Декаданс и поиск нового языка

И отсюда, собственно говоря, и возникает то, что первоначально называют декадансом. Это французское слово – декаданс, переводится как упадок. Почему это называется сначала декадансом? Потому что начинается, как почти всякое великое движение, все начинается с отрицания. Все начинается с указания на то, что вот то, как устроен был мир прежде, то, как люди пытались жить прежде, все это неправильно, все это неплодотворно, и все находится в упадке. Собственно говоря, вот их и называют сначала декадентами, и начинается это прежде всего во Франции – приходит ряд великих поэтов: Малларме, Рембо, Верлен, прежде всего, которые одновременно, как это всегда и бывает, наряду с тем, что они говорят об упадке и о том, что все прежнее кончается, наряду с этим они начинают искать какие-то новые способы, чтобы по-новому говорить о мире.
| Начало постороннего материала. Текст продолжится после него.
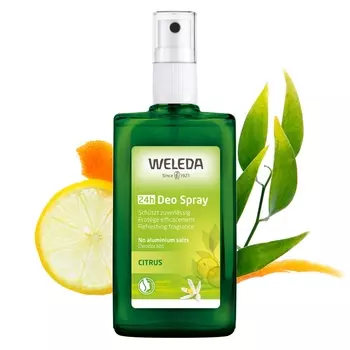 Weleda Цитрусовый дезодорант 100 мл (Weleda, Цитрусовая линия)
Уточним даже еще. Они начинают искать новый язык, для того чтобы передать новое мироощущение. Собственно говоря вот здесь всегда и рождается, может родиться во всяком случае, какое-то новое направление. Потому что можно какие угодно идеи высказывать: агрессивные, прекрасные, замечательные, можно отрицать, можно ругаться, но до тех пор, пока не будет найден адекватный язык для того, чтобы об этом говорить, ничего не получится.

Если говорить о перспективе европейской, то конечно нужно назвать еще два имени – нужно назвать Бодлера. Это сороковые годы – расцвет творчества Бодлера. И нужно назвать Эдгара По, который тоже в эту эпоху, или даже немного раньше начинает писать. Но так почти всегда и бывает, я думаю, что и в русской культуре можно найти, скажем, в том же Тютчеве довольно много того, что потом символисты в нем открыли и что для них стало главным. Также и здесь. Я думаю, что уже в 40-е, 50-е, 60-е годы многое нащупывалось из того, что станет главным в 60-е, 70-е, 80-е годы.

Но еще раз повторю: нащупывалось. Думаю, что как магистральная линия, если вы заглянете в журналы и газеты того времени, то эти модернисты, или те, кого стали потом называть модернистами, они были почти абсолютными маргиналами. Они воспринимались как экзотический уголок словесности. А главными были совершенно другие имена. Главным был, скажем, Эмиль Золя – реалист.

Символизм

Собственно говоря, как только язык найден, вот тогда что-то и начинается. Вот Малларме, Рембо и Верлен как раз и находят новый язык. И в основе этого языка как раз и лежит символ. Символ становится тем средством, тем способом, тем ключом, через который они все и входят вот в этот новый языковой мир.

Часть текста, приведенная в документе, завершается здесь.